Missionaries for The Church of Jesus Christ of Latter-day Saints are sometimes reassigned due to political or social strife, such as the recent case in Bolivia, or face severe restrictions on how to carry out their work, as we’ve seen in Russia in recent years. Now we can add to the list “economic conditions,” as the Church announced it was pulling back its missionary presence in the West African nation.
According to Daniel Woodruff, spokesperson for the Church, Liberia’s deteriorating economic condition, including a lack of “adequate supplies” (gas reserves have been close to running out), has forced the Church to action. Over the next week, 23 young missionaries who were nearing the scheduled end of their missions will return home early. Eight other missionaries who had been preparing to come to the field will be temporarily reassigned to other missions. That leaves 99 missionaries in the Liberia Monrovia Mission who, according to Woodruff, have adequate supplies to move forward.
We’re far removed from the days of “thou shalt take no purse nor scrip.”
This isn’t the first time the Church has pulled missionaries from Liberia. The country endured a brutal civil war in the 1990s, slowing missionary work (and forming the basis for the movie Freetown, which chronicled missionaries’ efforts to flee the country). An Ebola outbreak in 2014 resulted in the temporary removal of all missionaries. They returned 13 months later.

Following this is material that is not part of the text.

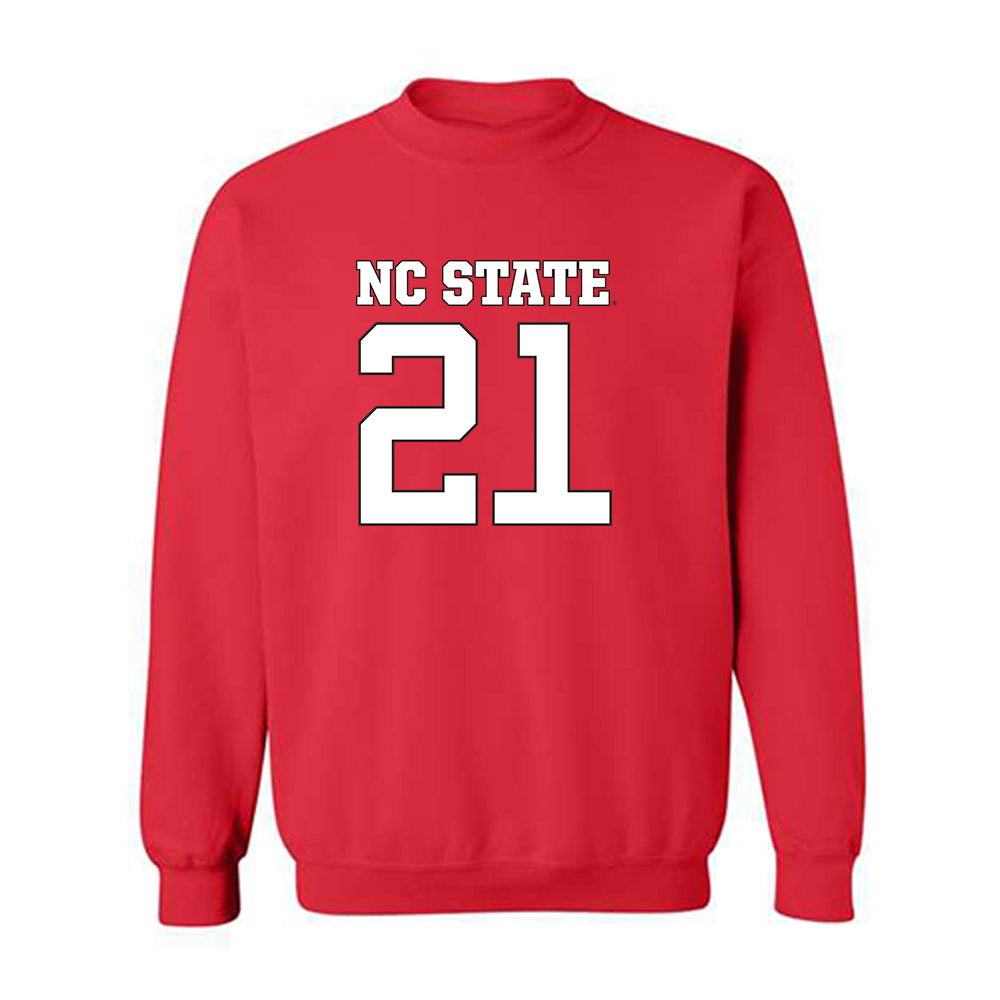 NC State - NCAA Football : Jamel Johnson - Replica Shersey Crewneck Sweatshirt-0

Liberia is Africa’s first and oldest modern republic, having been settled by freed slaves at the encouragement of the America Colonization Society. Its capital, Monrovia, is named for U.S. president James Monroe. The country his home to over 13,000 Latter-day Saints across 48 congregations. Temples are being built in neighboring Cote d’Ivoire and Sierra Leone. The West Africa Area of the Church, a hotbed of missionary activity, welcome its 100th organized stake in 2018.